**Assignment**
Your output should be everything below from the line containing "women hand open" down to the line containing "Cibo di Natale.", both ends included, copied exactly, with pictures left out.

**Listed records**

--- START ---

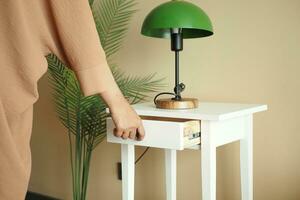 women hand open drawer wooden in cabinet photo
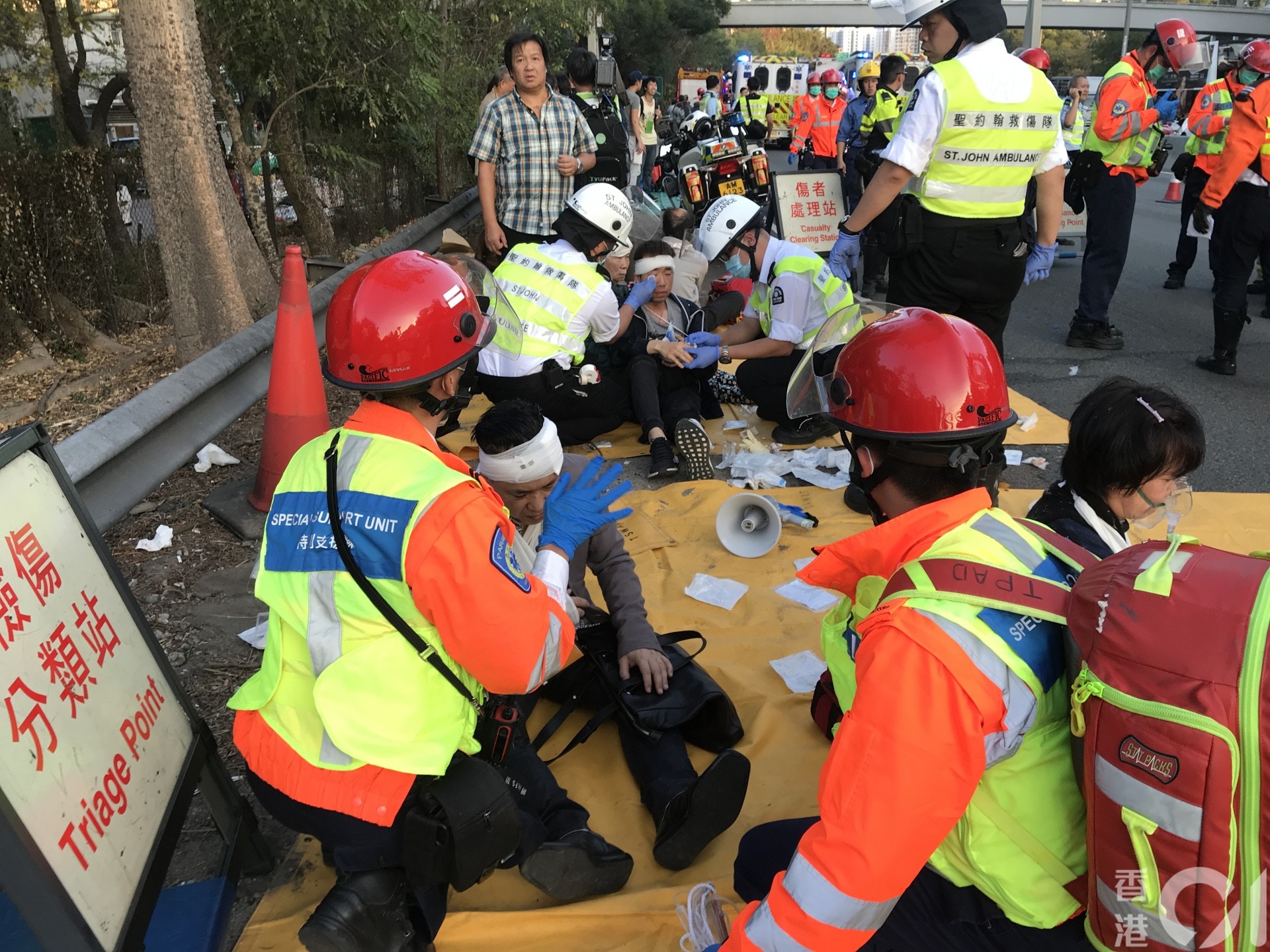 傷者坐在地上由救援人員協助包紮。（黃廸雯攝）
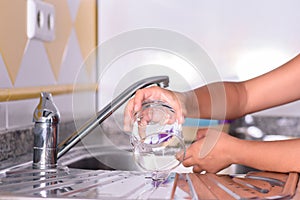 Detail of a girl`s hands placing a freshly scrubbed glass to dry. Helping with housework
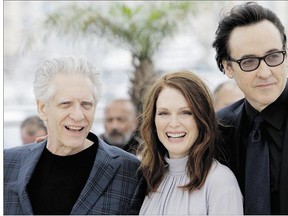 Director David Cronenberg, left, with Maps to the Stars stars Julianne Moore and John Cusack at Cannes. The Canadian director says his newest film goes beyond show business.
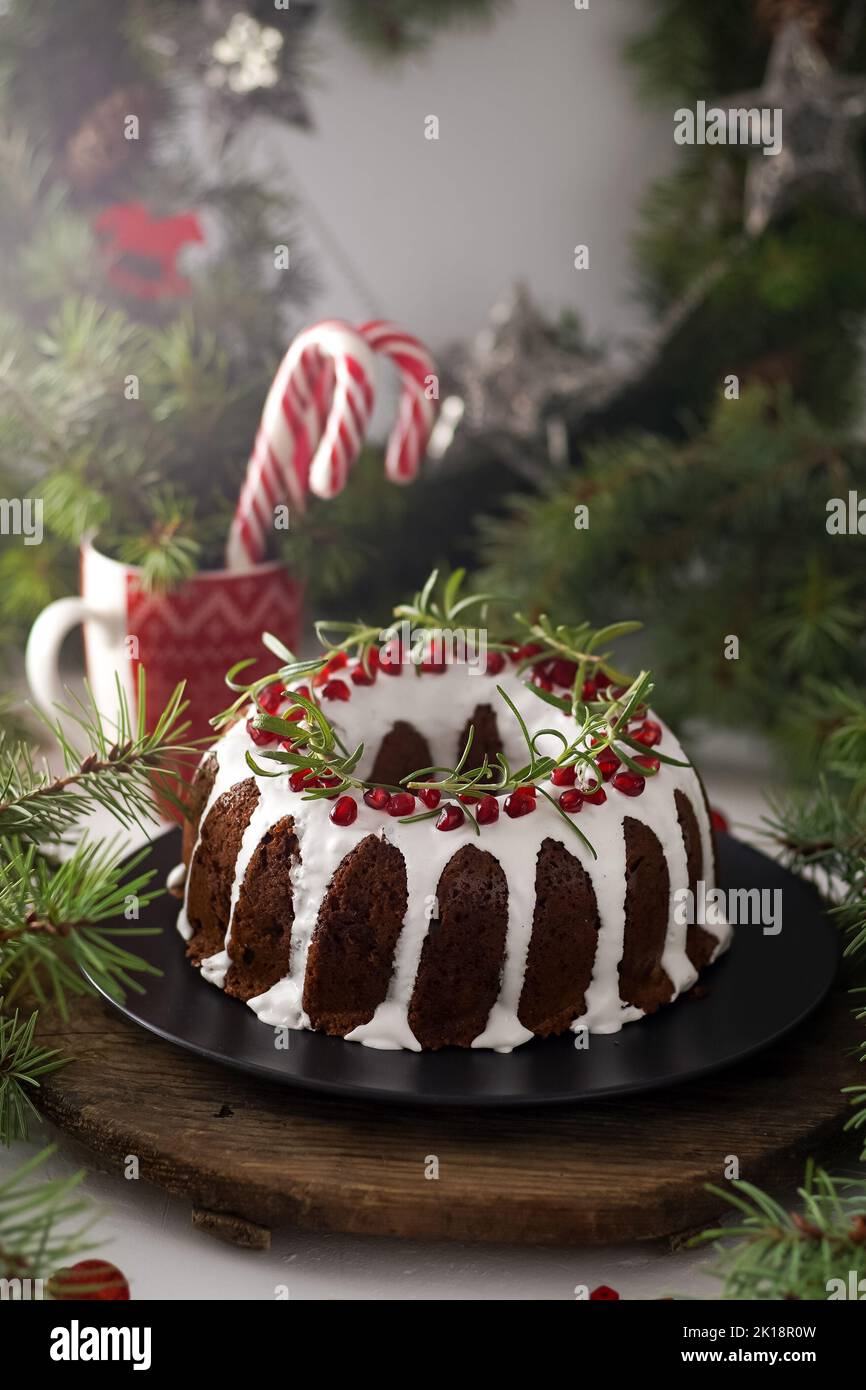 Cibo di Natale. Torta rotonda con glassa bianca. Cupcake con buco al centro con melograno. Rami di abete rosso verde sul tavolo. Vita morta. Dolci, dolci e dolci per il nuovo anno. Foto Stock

--- END ---
--- START ---

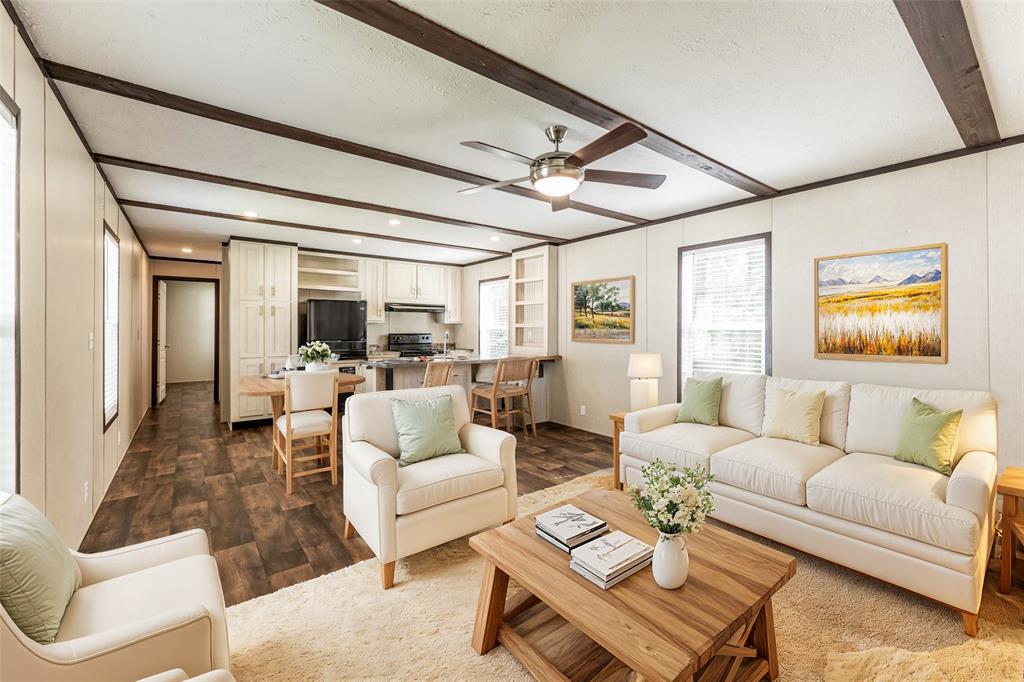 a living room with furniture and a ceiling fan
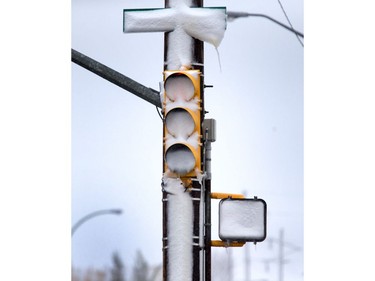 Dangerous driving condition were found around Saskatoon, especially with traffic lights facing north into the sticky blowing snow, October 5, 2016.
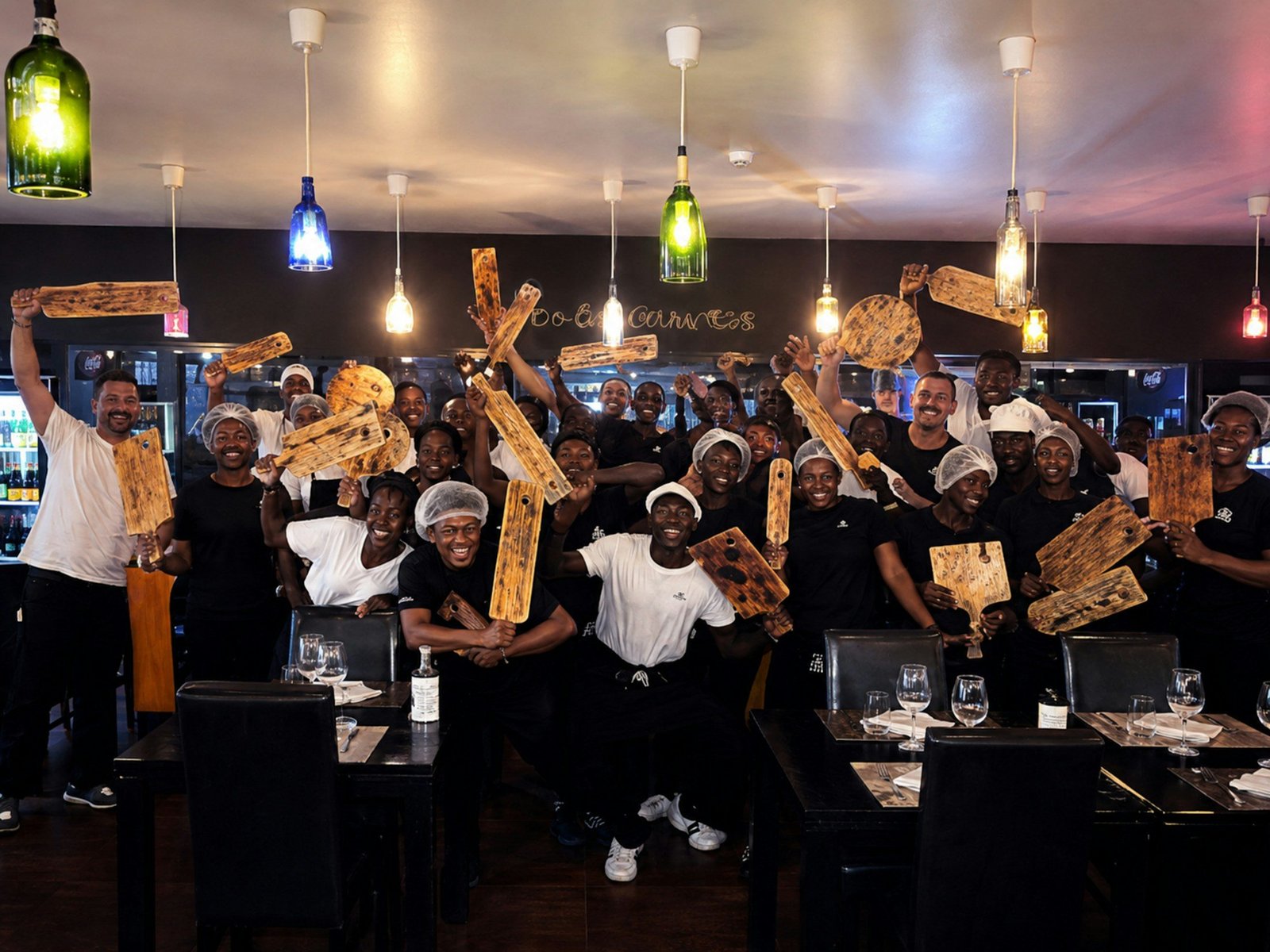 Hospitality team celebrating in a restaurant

--- END ---

**Answer space**
 women hand open drawer wooden in cabinet photo
 傷者坐在地上由救援人員協助包紮。（黃廸雯攝）
 Detail of a girl`s hands placing a freshly scrubbed glass to dry. Helping with housework
 Director David Cronenberg, left, with Maps to the Stars stars Julianne Moore and John Cusack at Cannes. The Canadian director says his newest film goes beyond show business.
 Cibo di Natale. Torta rotonda con glassa bianca. Cupcake con buco al centro con melograno. Rami di abete rosso verde sul tavolo. Vita morta. Dolci, dolci e dolci per il nuovo anno. Foto Stock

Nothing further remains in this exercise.